> _AIM OF THE EXERCISE_
Ignoring every picture, return the lines of the listing below word for word, from the line that holds "2017 KIA FORTE" through the line that holds "Η YASKAWA USAGED-09A210E".

> _EXTRACTED ENTRIES_
= = = =
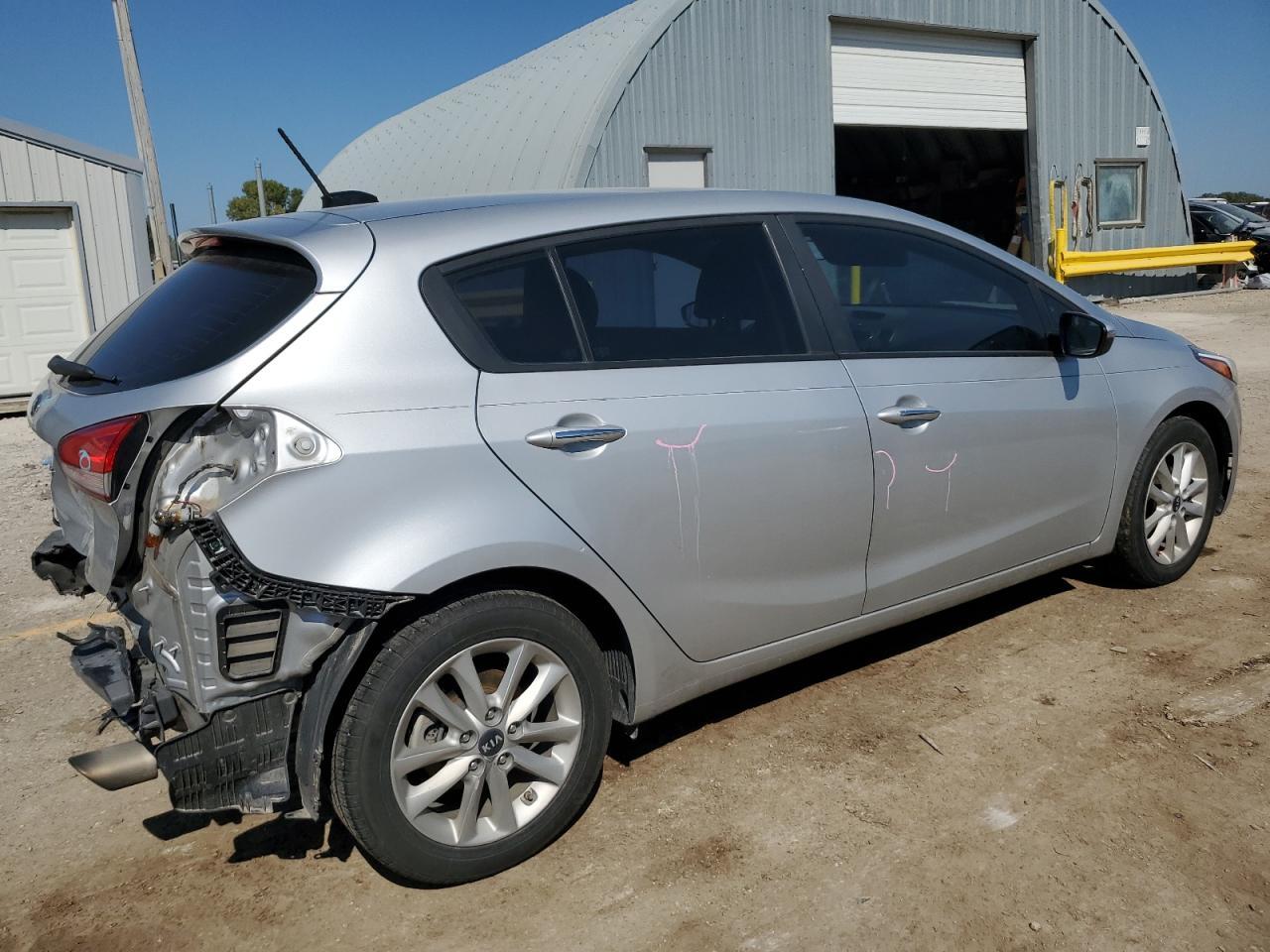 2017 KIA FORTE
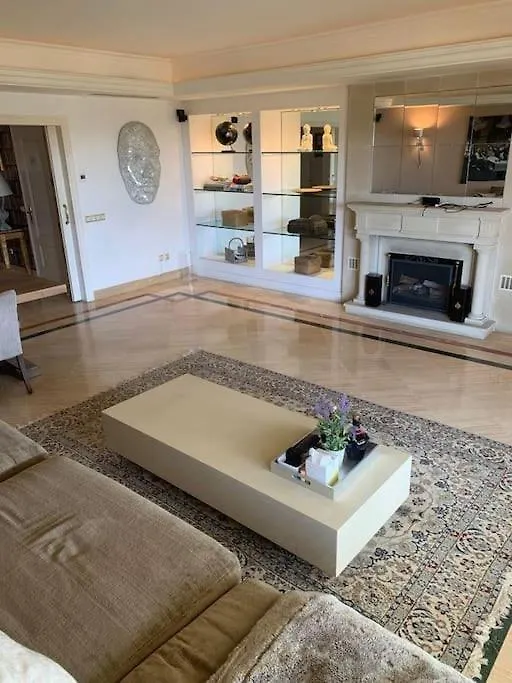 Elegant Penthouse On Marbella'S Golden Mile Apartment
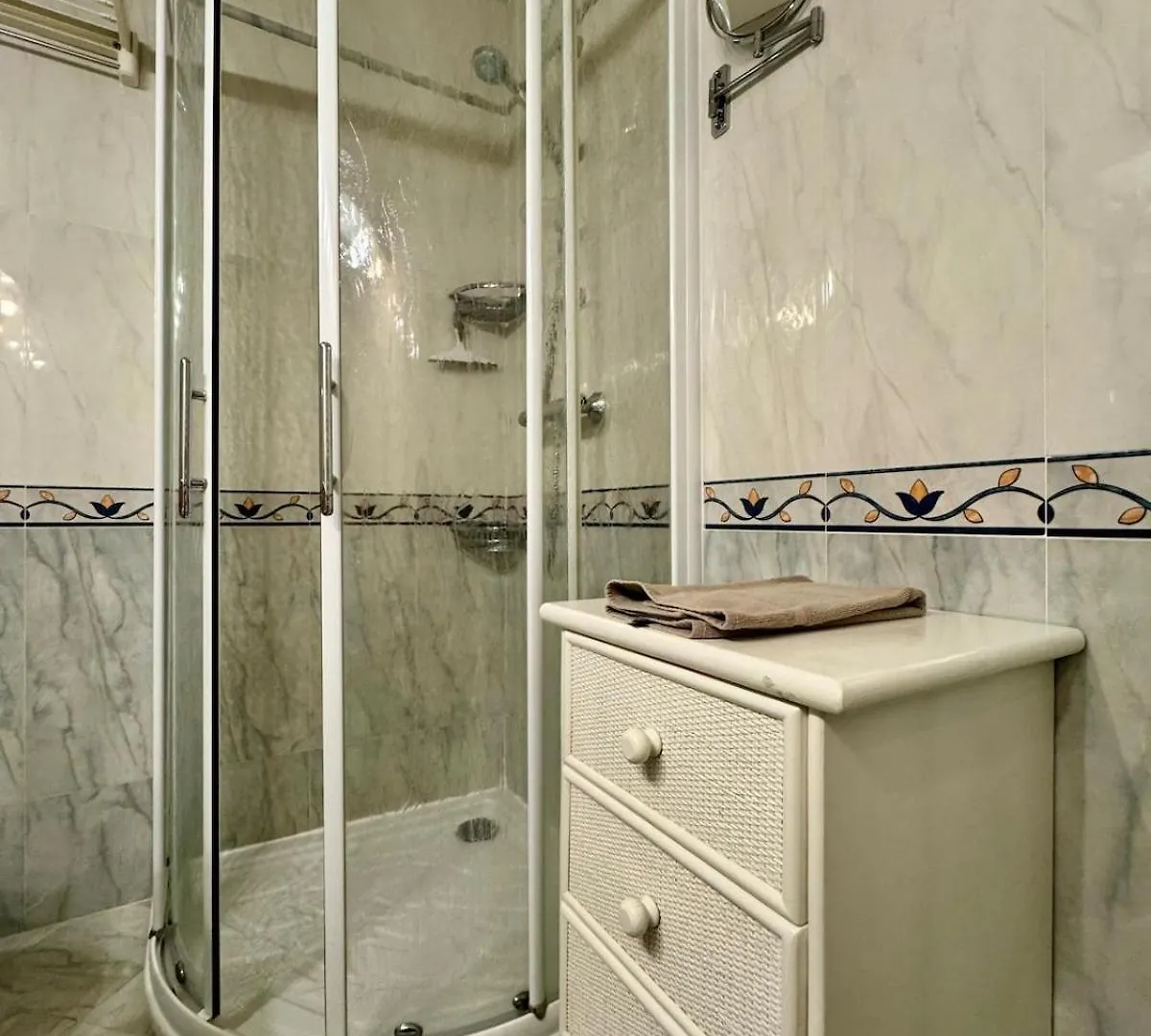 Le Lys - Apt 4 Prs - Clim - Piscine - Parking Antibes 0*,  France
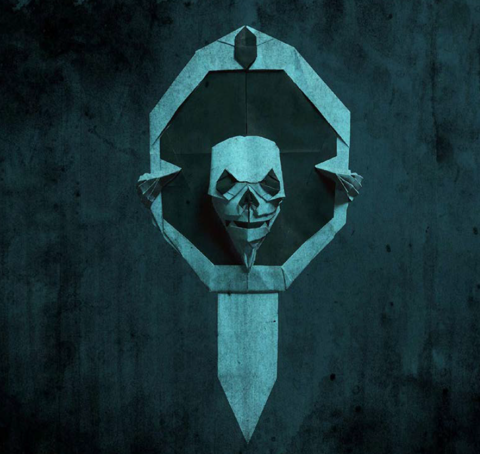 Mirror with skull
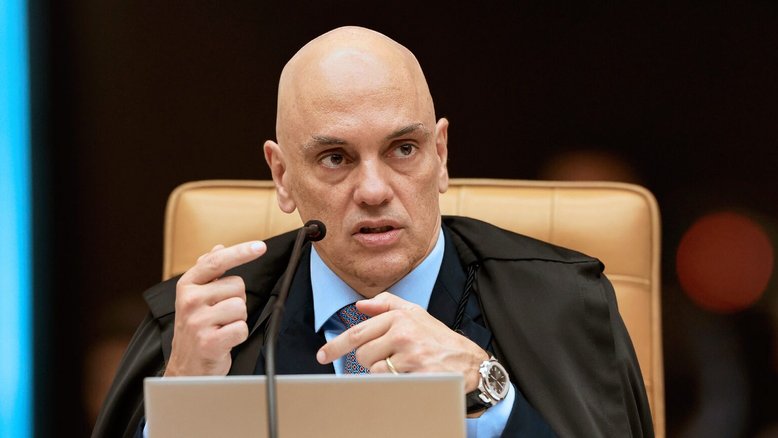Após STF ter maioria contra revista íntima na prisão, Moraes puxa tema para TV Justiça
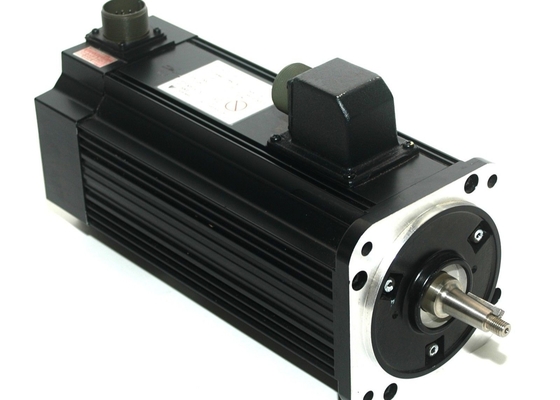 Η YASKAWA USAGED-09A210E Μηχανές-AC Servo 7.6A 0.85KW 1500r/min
= = = =
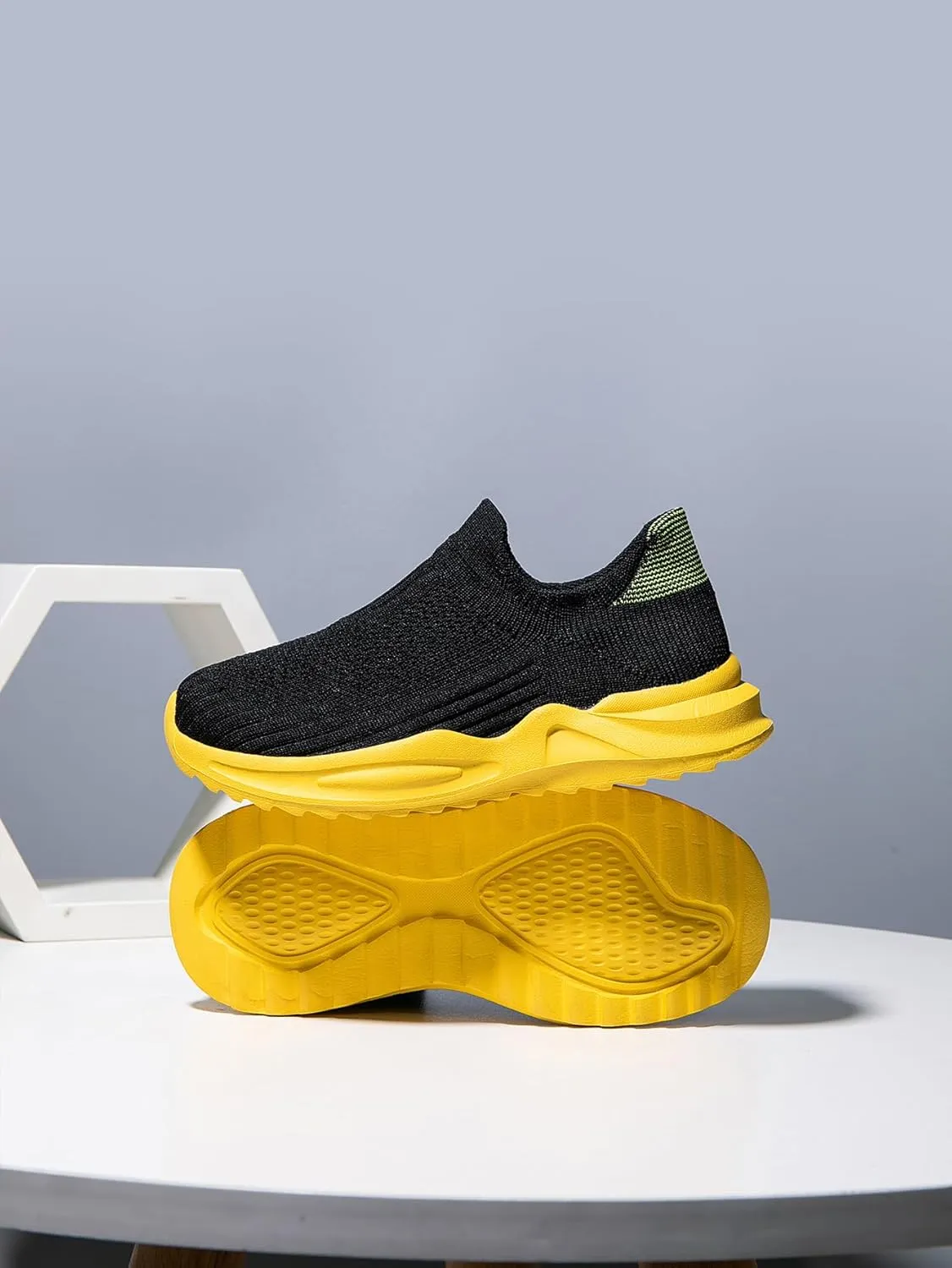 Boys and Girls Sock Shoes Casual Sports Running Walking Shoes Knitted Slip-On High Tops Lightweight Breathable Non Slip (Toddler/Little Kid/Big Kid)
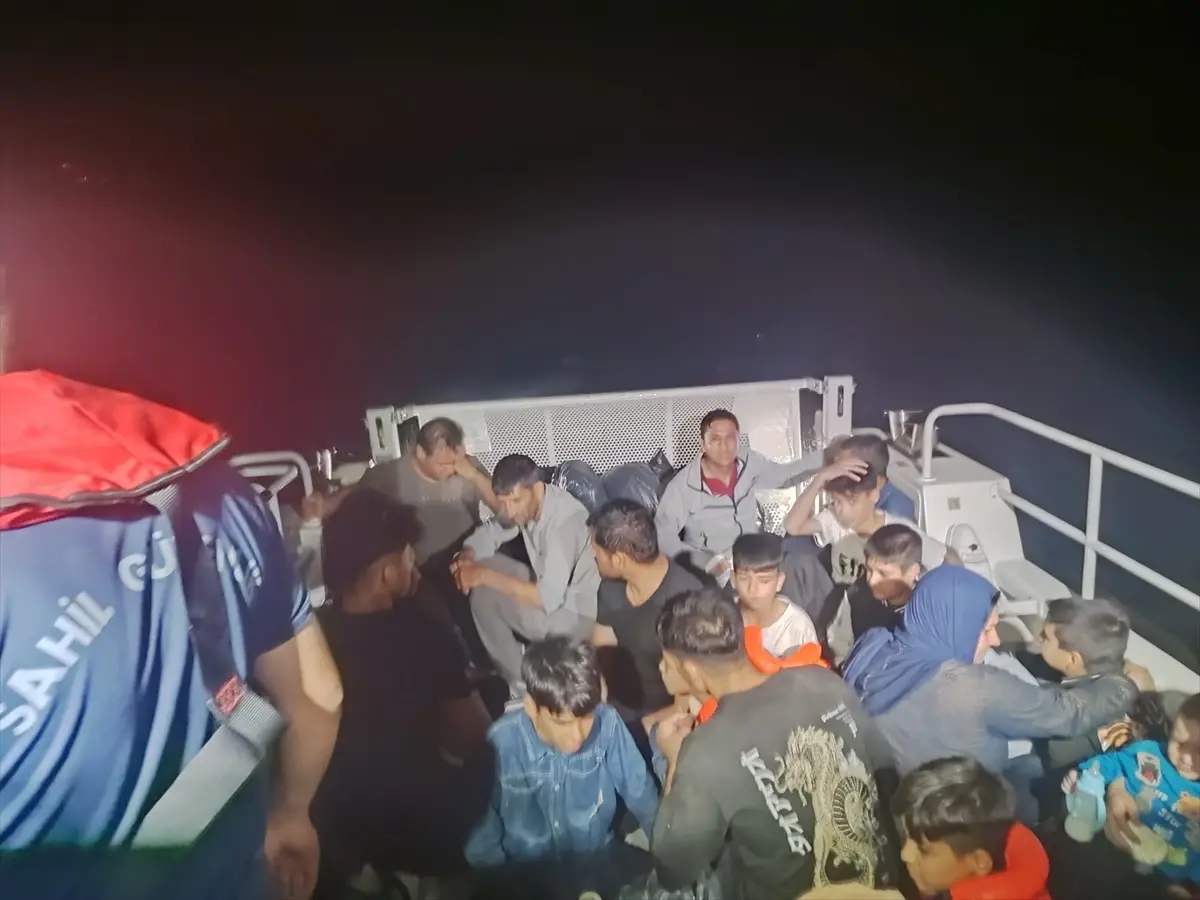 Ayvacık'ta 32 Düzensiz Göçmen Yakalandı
= = = =
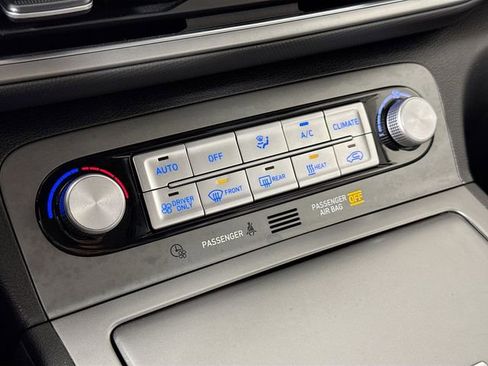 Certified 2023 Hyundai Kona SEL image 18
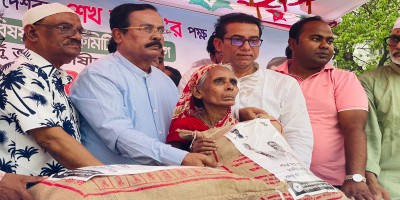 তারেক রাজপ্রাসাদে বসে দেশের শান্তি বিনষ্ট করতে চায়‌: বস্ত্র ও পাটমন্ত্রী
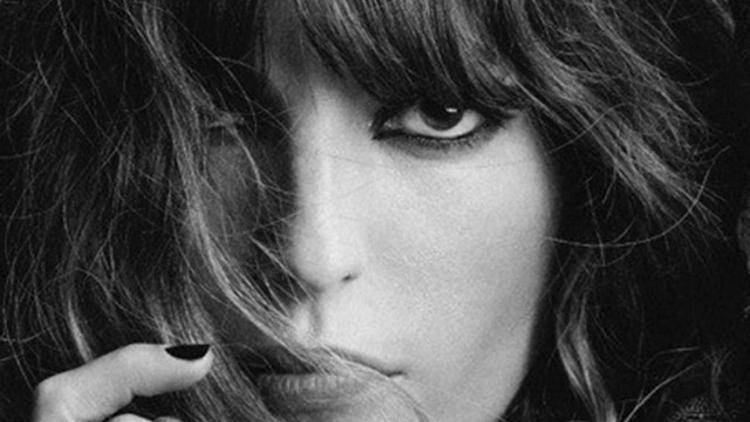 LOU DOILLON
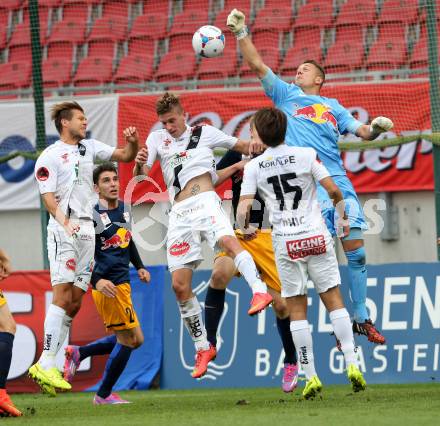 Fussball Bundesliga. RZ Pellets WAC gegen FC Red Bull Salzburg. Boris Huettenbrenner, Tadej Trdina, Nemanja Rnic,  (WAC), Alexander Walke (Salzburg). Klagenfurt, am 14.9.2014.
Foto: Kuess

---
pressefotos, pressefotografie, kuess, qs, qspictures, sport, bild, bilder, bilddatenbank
= = = =
> _RESULT OF THE TASK_
 2017 KIA FORTE
 Elegant Penthouse On Marbella'S Golden Mile Apartment
 Le Lys - Apt 4 Prs - Clim - Piscine - Parking Antibes 0*,  France
 Mirror with skull
Após STF ter maioria contra revista íntima na prisão, Moraes puxa tema para TV Justiça
 Η YASKAWA USAGED-09A210E Μηχανές-AC Servo 7.6A 0.85KW 1500r/min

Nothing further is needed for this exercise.